Tuesday 1 September 1998 
Landry targets 'ethnic' voters
MIKE KING, PHILIP AUTHIER, ELIZABETH THOMPSON and MICHAEL MAINVILLE 
The Gazette
 Landry raises a thorny issue.
Deputy Premier Bernard Landry's latest take on the "ethnic vote," which some separatists blamed for snatching victory away in the October 1995 referendum, raised critics' ire yesterday. 

"Oh, not again!" exclaimed Christos Sirros, Liberal electoral-reform and intercommunity-relations critic, who was astonished to hear of Landry's latest comments. 

As a guest of a CKAC radio talk show yesterday morning, Landry was explaining to host Paul Arcand why he believes a 50-per-cent-plus-one vote should be enough to win separation in another referendum. 

Landry also recalled that 90 per cent of members from cultural communities voted No in the referendum. 

"Taking that into account, everyone knows that if we put the bar too high, it's like giving a veto right to our compatriots, brothers and sisters from cultural communities, on our national project," the deputy premier said. 

"We can't do that." 

Landry went on to say, "not in Jacques Parizeau's tone, but in the most fraternal way possible, that our compatriots from other cultures - Quebecers like you and me - have not yet been sufficiently convinced of the soundness of our cause." 

Landry was referring to former premier Parizeau's referendum-night concession speech in which he blamed "money and the ethnic votes" for the narrow Yes-side loss. 

An irate Sirros asked: "Why is he singling out the cultural communities? Is he fixated on this? Will this man never learn?" 

Although he also supports the concept that 50 per cent plus one constitutes a majority, Sirros said Landry's comments were outrageous. He accused Landry of showing xenophobic tendencies by singling out cultural communities. 

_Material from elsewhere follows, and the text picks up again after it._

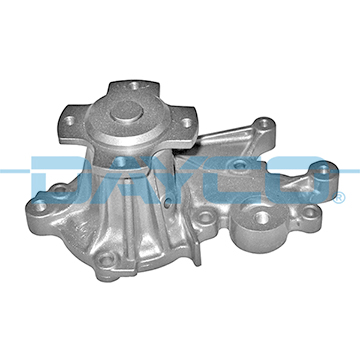 DAYCO DP372 Devirdaim Su Pompasi Suzuki Super Carry 1.3l G13b Ga413 99-> / Swift 1.0l G10 Sf310 90- / 1.3l G13b Sf413 Macar 8v 96->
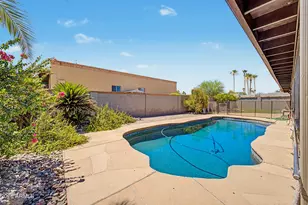9816 N 24th Pl, Phoenix, AZ 85028 - Photo 24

"To use the argument that this would give the cultural communities a veto indicates to me that Bernard Landry and the Parti Quebecois see the cultural communities and everyone who doesn't share their ideology as enemies, as people who don't deserve the same consideration that everyone else has." 

Liberal justice critic Tom Mulcair said Landry's comments violate Quebec's charter of rights, which states that all Quebecers have the right to vote and that all have an equal right to exercise their rights. 

"What Bernard Landry is unfortunately showing is the same tendency he showed during his very sad and infamous incident at Montreal's Inter-Continental Hotel on the night of the referendum, is that he still thinks that there is a race, a colour, a creed attached to a vote," he said. 

In 1995, hotel clerk Anita Martinez said that only a few hours after Parizeau's inflammatory address, Landry "harangued" her and made remarks to her blaming ethnics for the defeat. 

Landry also rebuked another hotel employee that night for using the English words "check in" as she offered to register him. 

"Bernard Landry does not understand that in a democratic society, based on the rule of law and freedom and liberty, everyone is the same and their votes all count the same," Mulcair said. 

Some leaders of cultural communities expressed their shock and disapproval with Landry yesterday. 

"I'm quite disappointed that he would resurrect the old and tired distinction of Quebecers, that there are two classes of voters in Quebec," said Dorothy 

Zalcman Howard, provincial chairman of the Canadian Jewish Congress. 

"His remarks certainly show an egregious disrespect for the democratic process, and they clearly represent a form of shameless demagoguery," she added. 

Allan Adel, Quebec head of the League for Human Rights of B'nai Brith Canada, said: "It's not the first time it's said and it won't be the last." 

He wondered aloud why the PQ would single out cultural communities. 

"It's insulting to the 40 per cent of francophones who voted against (sovereignty)," Adel said. 

John Asfour, Quebec president of the Canadian Arab Federation, said of Landry: "He keeps harping on it and driving a wedge between the French and cultural communities. 

"He doesn't make any bones about his dislike of immigrants and ethnics." 

Asked if he believes a vote about the 50-per-cent mark would give a veto to Quebec minorities, Premier Lucien Bouchard said: "I'm not trying to say things like that. I just said what I said." 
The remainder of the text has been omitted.